Agent Ops: Benchmarks, Codex Goals, Claude Code & Sandboxes
ITBench-AA: Frontier Models Score Below 50% on the First Benchmark for Agentic Enterprise IT Tasks. ITBench-AA finds frontier models scoring below 50% on agentic SRE and IT tasks, revealing large gaps in enterprise automation readiness. Outcome engineers must treat agentic IT work as a validation-first problem — invest in reproducible sandboxes, scenario tests, and audit tooling to avoid fragile automation (Principles 16, 07).
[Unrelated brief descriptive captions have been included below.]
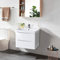 NRG 600mm Gloss White 2 Drawer Wall Hung Bathroom Cabinet Vanity Sink Unit with Basin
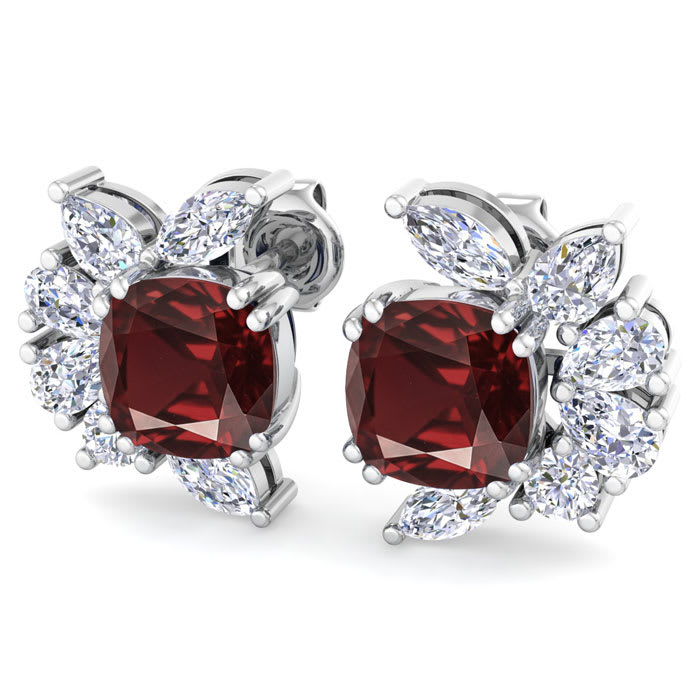 1 3/4 Carat Cushion Cut Garnet and Lab Grown Diamond Cluster Stud Earrings In 14 Karat White Gold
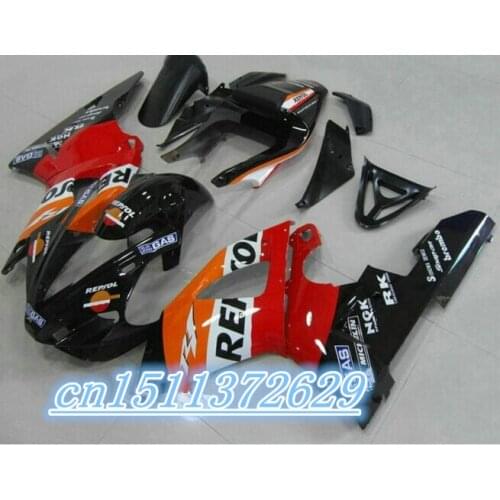 Dor-ABS Fairing Kit for YZF R1 00-01 red black white YZF-R1 2000-2001 YZF1000 1000 YZFR1 00 01 2000 2001 D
Claude Code as a Daily Driver: Claude.md, Skills, Subagents, Plugins, and MCPs. Claude Code moves teams from ad-hoc prompts to structured, delegable agent workflows using CLAUDE.md, skills, subagents, and MCPs that produce verifiable artifacts. For outcome engineers this mandates designing context-first pipelines and documented artifacts so agents execute predictable, reviewable work (Principles 03, 06, 13).
The Codex feature that works while you sleep. Codex’s /goal enables multi-hour autonomous goal loops that let assistants run long-running fixes, cleanups, and task flows without constant human prompting. That forces new patterns for time-aware orchestration, observability, and failure modes — plan for watchdogs, checkpoints, and outcome audits when agents run overnight (Principles 01, 16).
Building self-improving tax agents with Codex. OpenAI and Thrive demonstrate production tax agents that learn from practitioner feedback and production traces to improve accuracy and reduce review time. Outcome engineers get a concrete template for safe continuous learning — versioned feedback loops, gated rollout, and audit trails are essential to let agents improve without drifting (Principles 03, 16).
Docker Sandboxes and microVMs, explained. Docker’s microVM sandboxes deliver VM-level isolation at container speed, giving a practical execution environment for untrusted or powerful agent workloads. Use these sandboxes to enforce least privilege, contain misbehavior, and speed safe experimentation — your island and immune-system need this isolation layer (Principles 07, 14).